U.S. President Donald Trump stressed his desire for arms control that includes both Russia and China in a telephone call with Russian President Vladimir Putin on May 07, the White House said in a statement. “President Trump reaffirmed that the United States is committed to effective arms control that includes not only Russia, but also China, and looks forward to future discussions to avoid a costly arms race,” the White House said. Trump has repeatedly argued - so far to no avail - for China to join the United States and Russia in talks on an arms control accord to replace the 2010 New START treaty between Washington and Moscow that expires in February. New START restricted the United States and Russia to deploying no more than 1,550 nuclear warheads, the lowest level in decades, and limited the land- and submarine-based missiles and bombers that deliver them. China, estimated to have about 300 nuclear weapons, has repeatedly rejected Trump’s proposal, arguing its nuclear force is defensive and poses no threat.

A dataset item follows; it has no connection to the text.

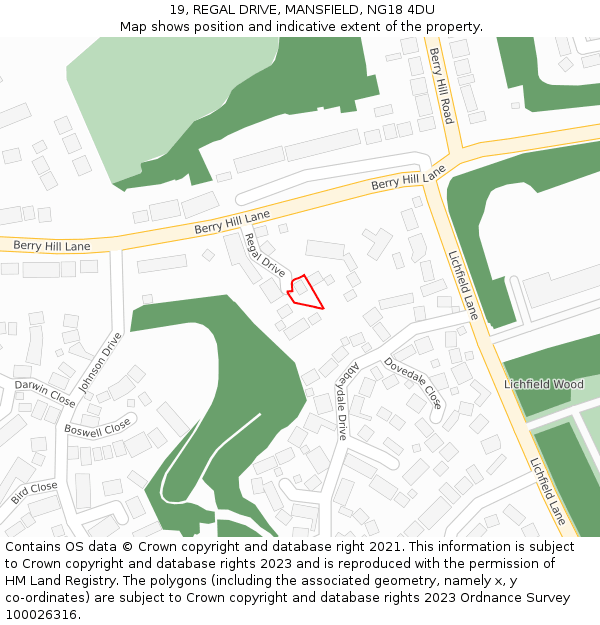 19, REGAL DRIVE, MANSFIELD, NG18 4DU: Location map and indicative extent of plot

Scientists Consider Indoor Ultraviolet Light to Zap Coronavirus in the Air

As society tries to rebound from the coronavirus pandemic, some scientists hope a decades-old technology could zap pathogens out of the air in stores, restaurants and classrooms, potentially playing a key role in containing further spread of the infection. It has the ungainly name of upper-room ultraviolet germicidal irradiation, and it is something like bringing the power of sunlight indoors. “We have struggled in the past to see this highly effective, very safe technology fully implemented for airborne infections,” said Dr. Edward A. Nardell, a professor of global health and social medicine at Harvard Medical School. “We’ve done the studies. We know it works.”Sunlight disinfects, and the UV part of its spectrum is particularly effective at knocking out airborne pathogens. This is not what President Trump incomprehensibly described in April when he suggested irradiating the insides of Covid-19 patients with ultraviolet light. Portable ultraviolet units are already being used to sterilize surfaces in hospital rooms and subway cars, but these can be used only when those spaces are unoccupied.